How do you strike a balance between the pure art form and the popular stance of art?

I can’t change the steps I learnt from my guru, but how to use those steps can be important. The training in choreography helped me a lot in this regard. Maya Rao taught us how to make use of the stage. The entrance, the exit, the beginning and the climax are significant in today’s concept of dance.

What have you done to popularise this dance form in northern India?

After our successful tour of France for Avignon Festival we decided to stay back in Delhi to popularise our art in the northern region. Before us, only Indrani Rehman and Yamini Krishnamurti used to do a few pieces in Kuchipudi along with Bharatnatyam. To promote and popularise this dance form we conducted lecture-demonstrations, produced many dance dramas and we continue to teach many students at home. After retirement we plan to start an institution on the line of guru shishya parampara. Many students from the U.S.A. and other countries are very keen to come here and learn dance.

Do you think the government can do more to preserve our heritage?

Yes. Arranging festivals of India is good but I think it would be better if the government could invite the best people from all art forms and work out a programme for promotion of art. Abroad, people know India only for its art and culture. We have our distinct identity only on the strength of our classical arts. The ICCR should see that traditional arts should not die, security should be offered to the artiste. In the South, there is so much to be preserved but good things are dying. My guru’s sons are bus conductors and others are doing such odd jobs. With traditional means of livelihood disappearing, how can they sustain art?
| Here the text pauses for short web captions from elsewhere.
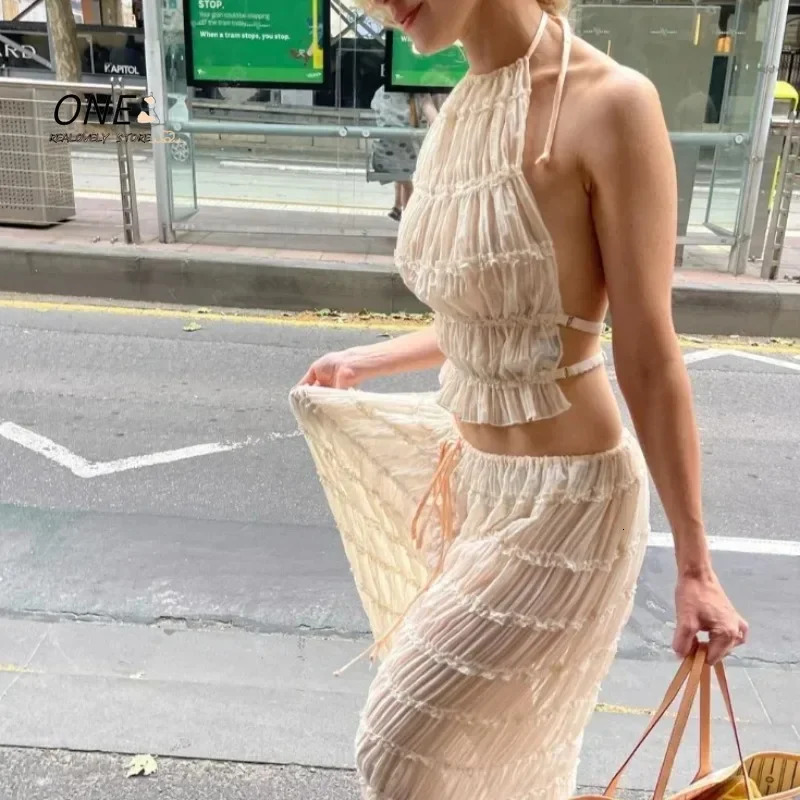 Halter Neck Long Skirt Women Sling Top Elegant Lace Up Fold Maxi Skirts Summer Pleated Sleeveless Backless Tops 2pcs Outfits 250823
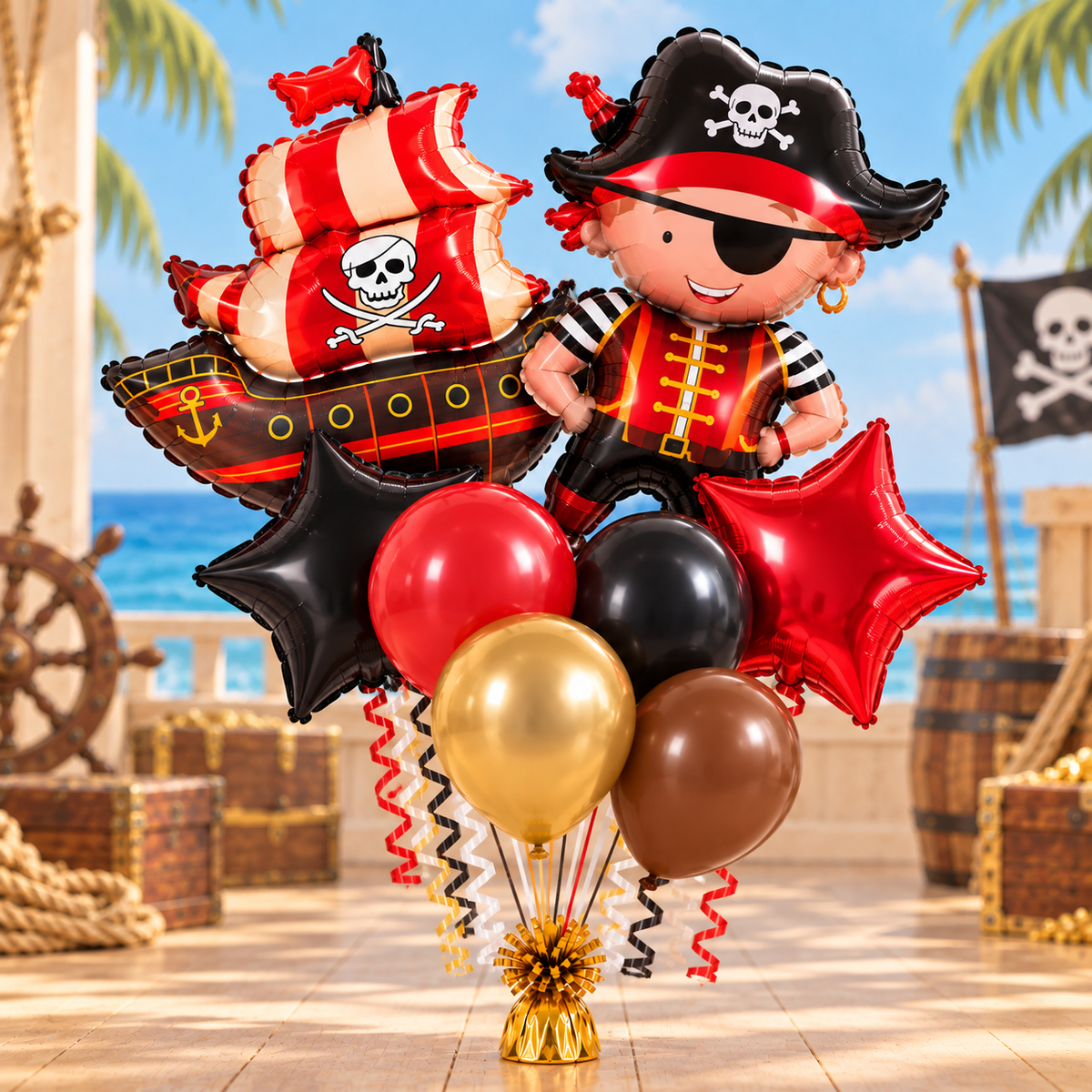 Pirate ship and captain bouquet with red and black stars and four round balloons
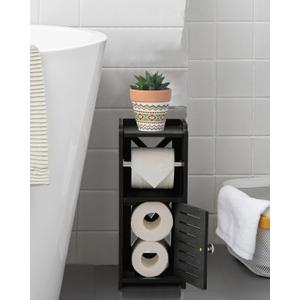 AOJEZOR Toilet Paper Holder Stand: PVC Freestanding Bathroom Cabinet Storage for Apartment Dwellers - Slim Bathroom Storage - Black (15.4 inch H)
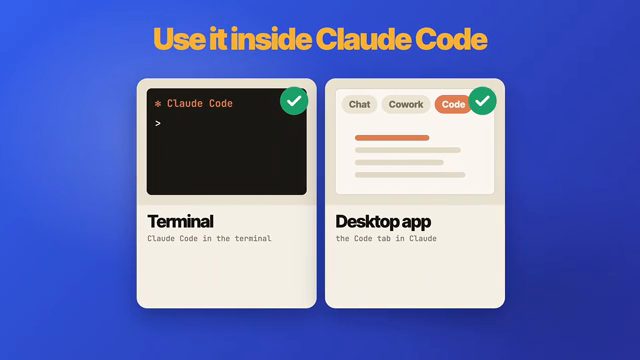 Hai thẻ Terminal và Desktop app đều có dấu tích xanh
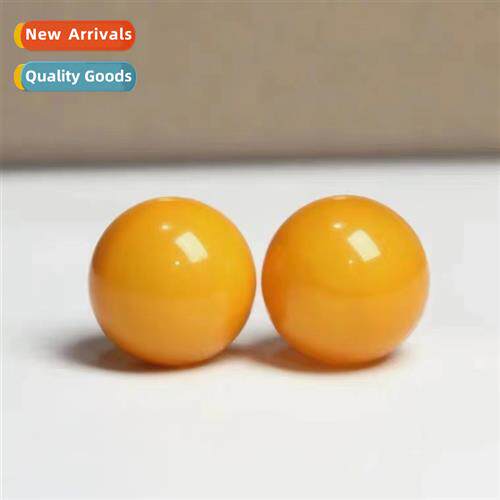 12MM half hole imati yellow agate round beads imati beeswax
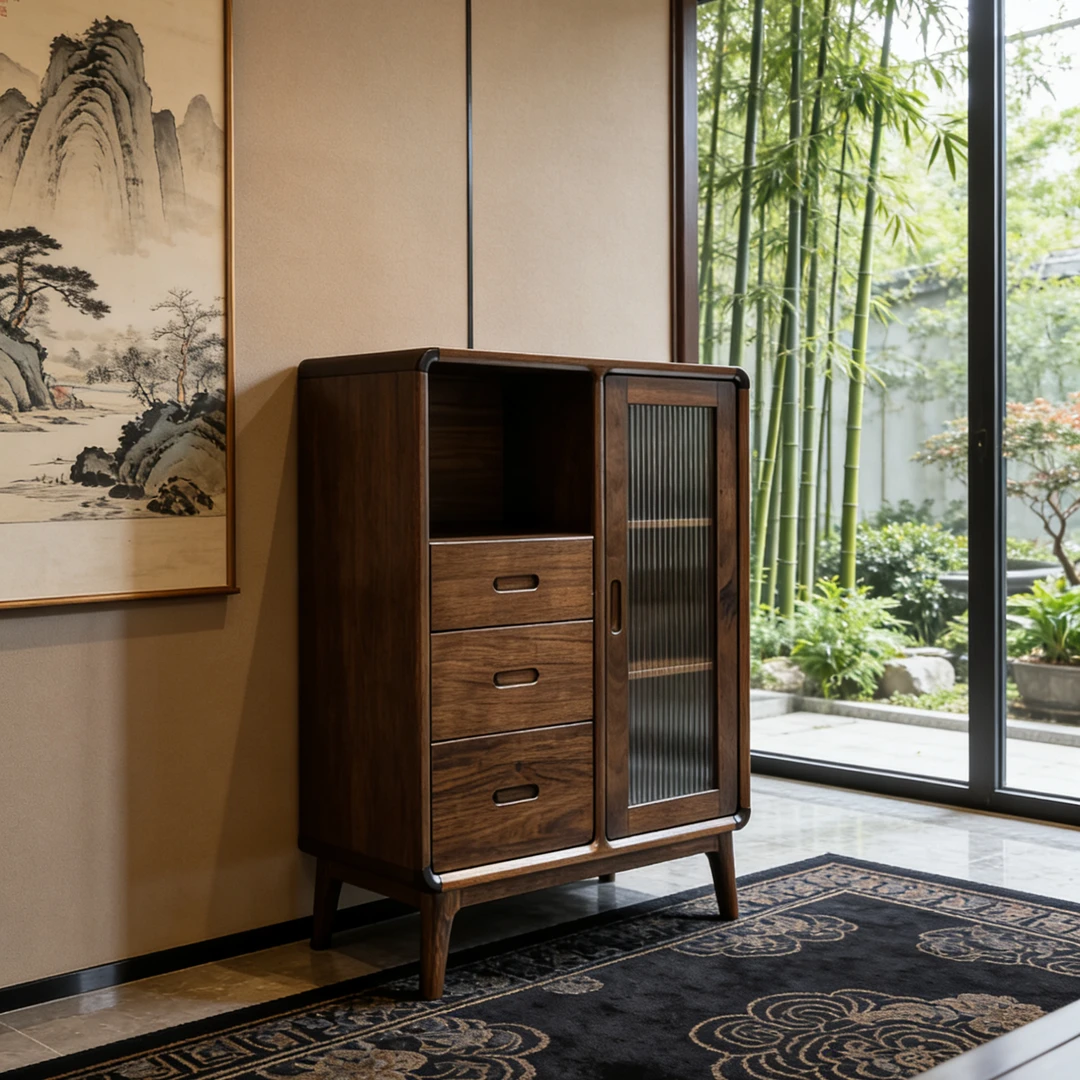 乌金木餐厅餐边柜茶水柜客厅家用简约储物柜茶边柜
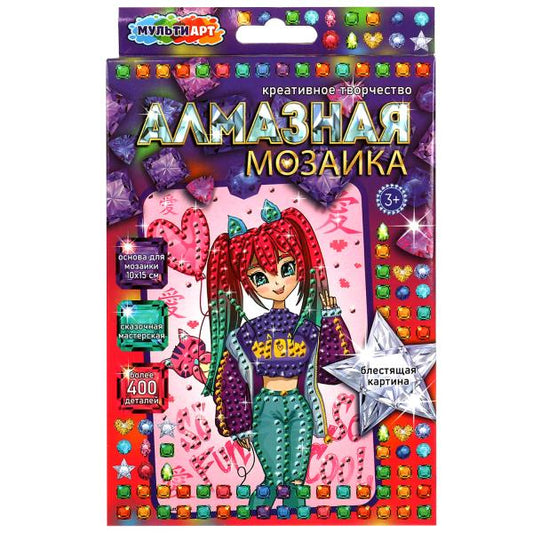 Алмазная мозаика 10х15 см аниме девочка МУЛЬТИ АРТ в кор.50шт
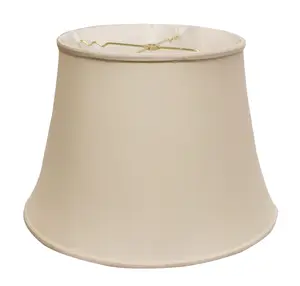 360 stand 16 in. Champagne & Beige Sloped Euro Bell Pongee Silk Lampshade - Warm Lighting, Traditional Home Decor, Harp-Compatible (Fits Harps), Soft Back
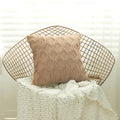 Beige & gray geometric diamond pattern cushion cover living room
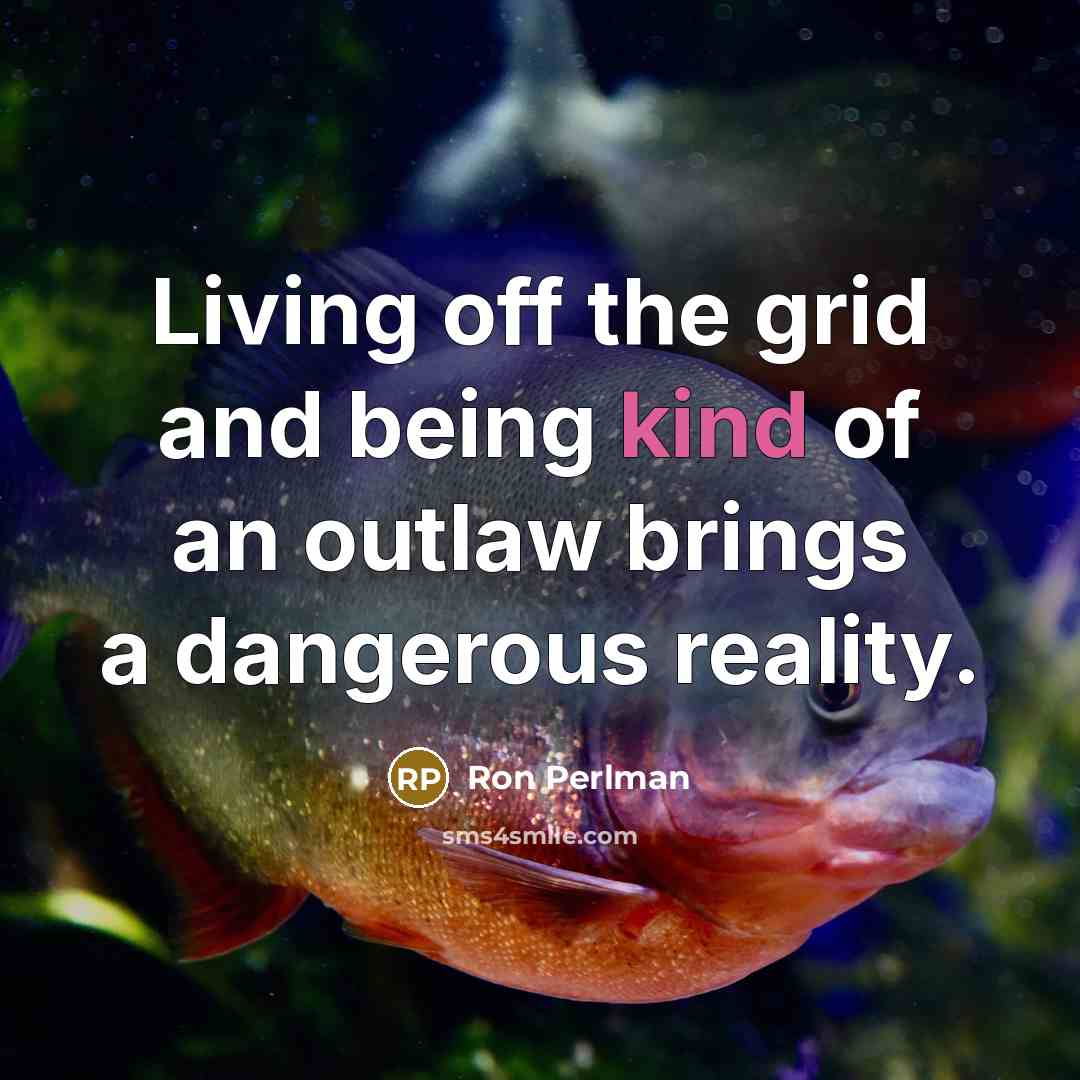 “Living off the grid and being kind of an outlaw…” quote by Ron Perlman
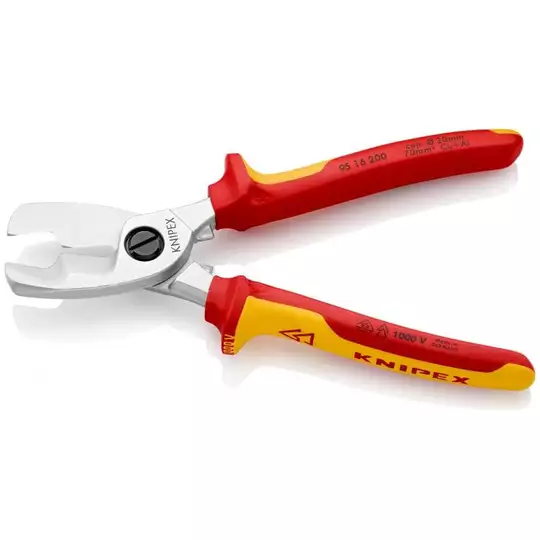 nożyce do cięcia kabli 200mm w izolacji VDE Knipex [95 16 200] rękojeści dwukomponentowe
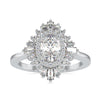 Vintage Style 1.56 TW Oval Cut Cluster Halo Moissanite Ring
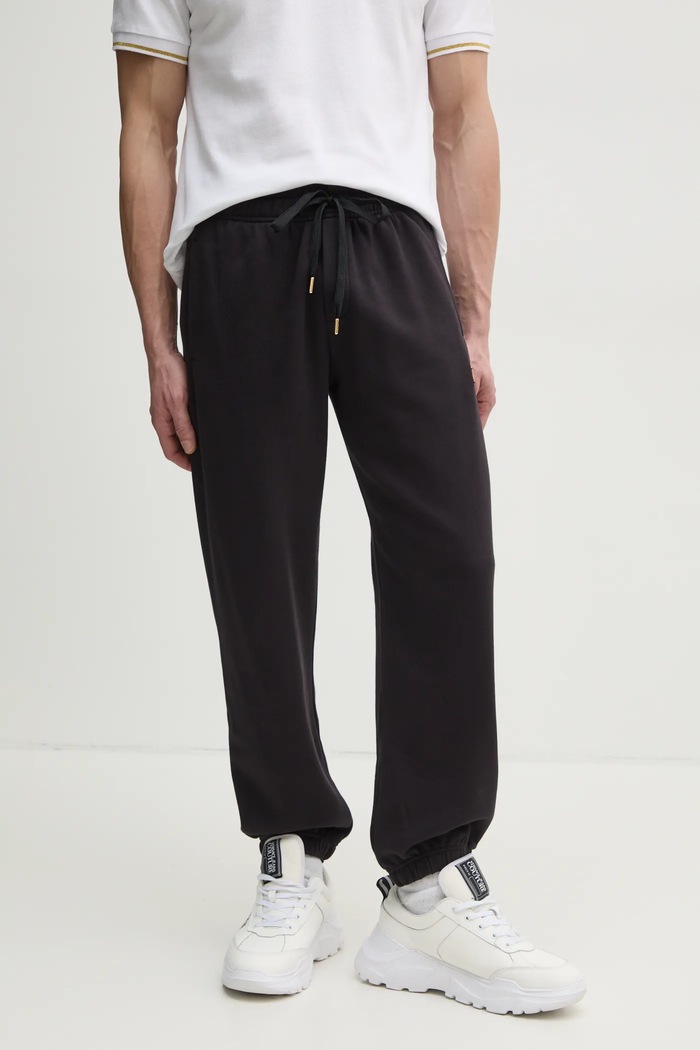 Bombažen spodnji del trenirke Versace Jeans Couture Pletenina črna 78GAAT08.CF01T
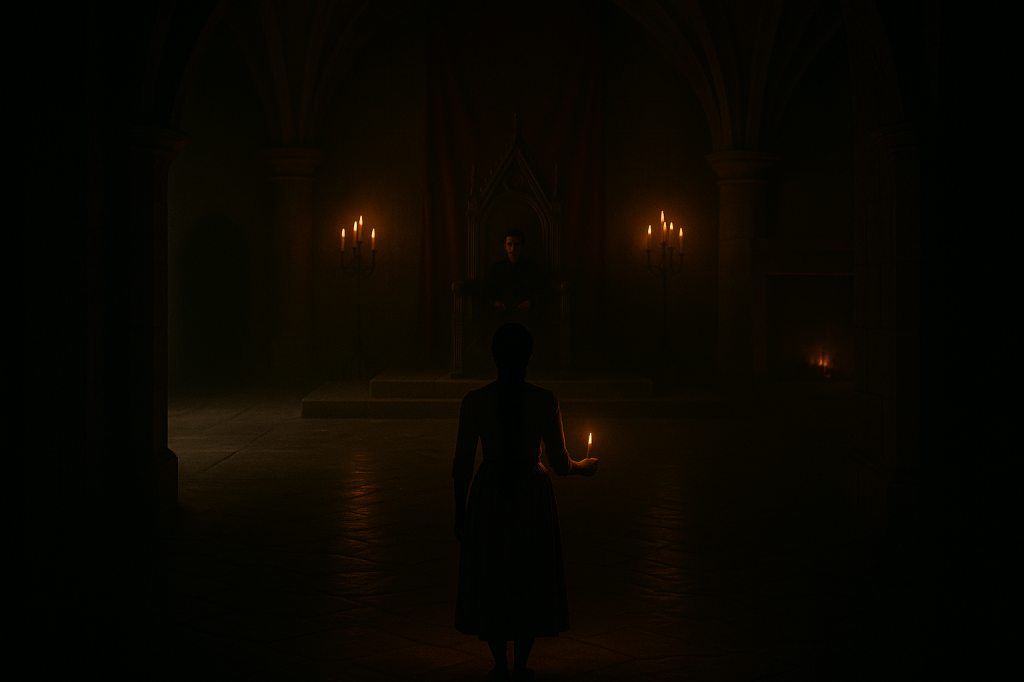 A wide, symmetrical, A24-style cinematic still from a dark fantasy film.
The scene depicts Snow White standing at the far threshold of a vast throne hall, rendered in photorealistic detail with atmospheric low-light cinematography.

Snow White (canonical model):
– young woman with medium brown skin
– long black hair in soft waves with a loose braid
– wearing a simple cream gown with a muted red cloth belt
– holding a small candle whose warm flame barely illuminates her silhouette
– shown from behind, small in frame, a lonely figure at the doorway

Environment:
The hall is immense, symmetrical, and suffocatingly dark, lit only by warped, flickering torches along the walls.
The stone floor is subtly distorted, with faint rippling shadows suggesting the castle is “breathing.”
The air feels compressed, thick, as though the entire room bows toward the Queen.

At the far end of the hall sits the Queen, matching her established canonical appearance:
– pale skin, sharp features, dark slicked-back hair
– black high-collared gown
– stone-still posture
– seated on a tall iron-oak throne beneath a deep red hanging banner
Her presence creates a visual gravity: the light bends slightly inward toward her.

Mood + Style:
– dark fairytale realism
– wide lens, center-framed symmetry
– dramatic shadows, torches bending inward unnaturally
– candlelight is the only warm light
– the atmosphere hums with unease
– extremely high dynamic range and natural grain, A24 tone

The overall composition emphasizes Snow White’s smallness and the Queen’s overwhelming dominion inside the living castle.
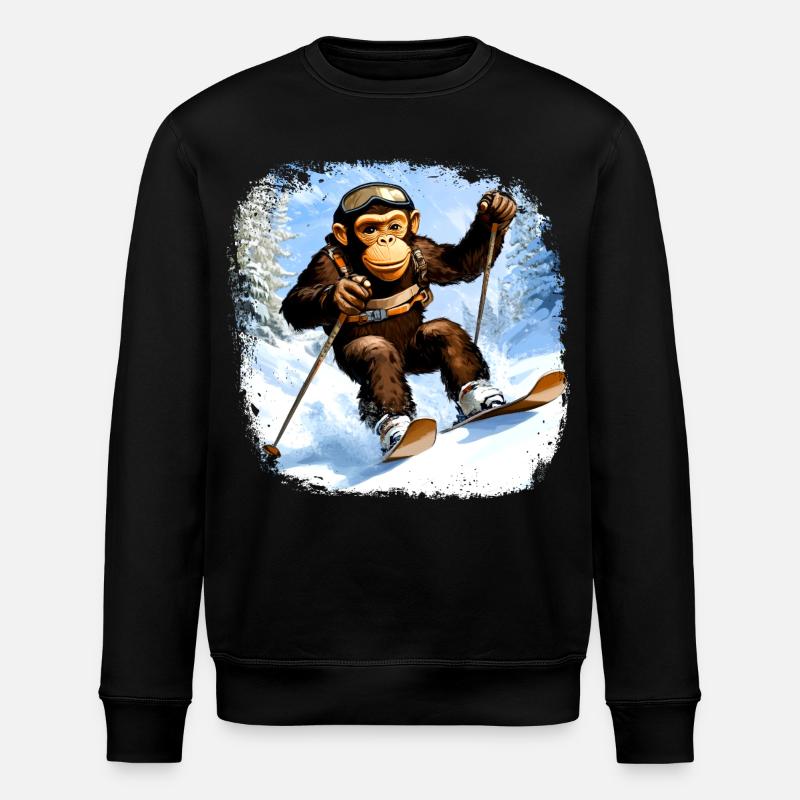 Affen Ski / Skifahrer Affe - Stanley/Stella Unisex Bio-Sweatshirt ROLLER - Schwarz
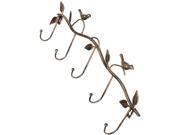 THZY Iron Birds Leaves Hat Towel Coat Wall Decor Clothes Hangers Racks With 5 Hooks bronze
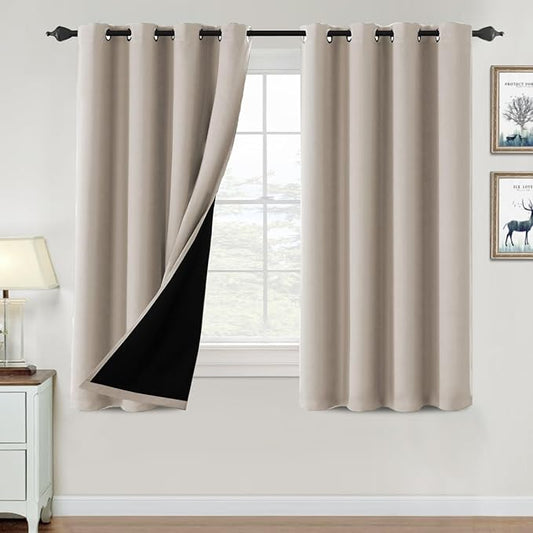 H.VERSAILTEX 100% Blackout Curtains for Bedroom Thermal Insulated Blackout Curtains 54 inch Length Heat and Full Light Blocking Curtains for Living Room with Black Liner 2 Panels Set, Natural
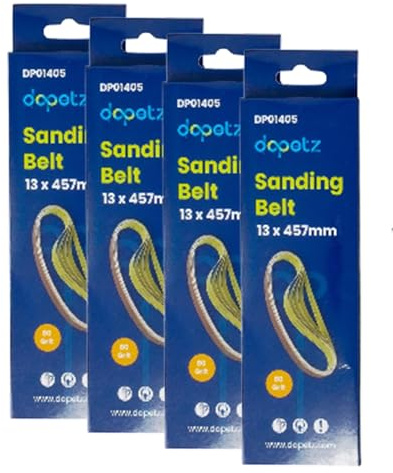 Dapetz ® Sanding Belt 13x457mm, 80 Grit for Grinding, Sharpening, Derusting, Precise Sanding on Metal and Wood, Compatible with Makita, Bosch, Dewalt Belt Sanders 20pcs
Despite having a dance companion like Radha, why did you feel the need to marry again? And that, too, to Radha’s sister?

Radha is from a village. When we came here she used to feel very lonely. So she got her sister from the village when Kaushalya was only four. Since then she has been with us. In 1979, the Indian Council for Cultural Relations asked us to tour South East Asia. Our preparations were on when at the 11th hour our natvanar backed out, saying he was accompanying some other dancer to Europe. We were in a fix. Kaushalya was around 13-14 then. We decided to give her a try. She did well, and after a few performances she became a master natvanar. She decided to devote her life only to dance. Nobody could dissuade her. There was not much resistance. Radha’s grandfather also had two wives. It is quite common there.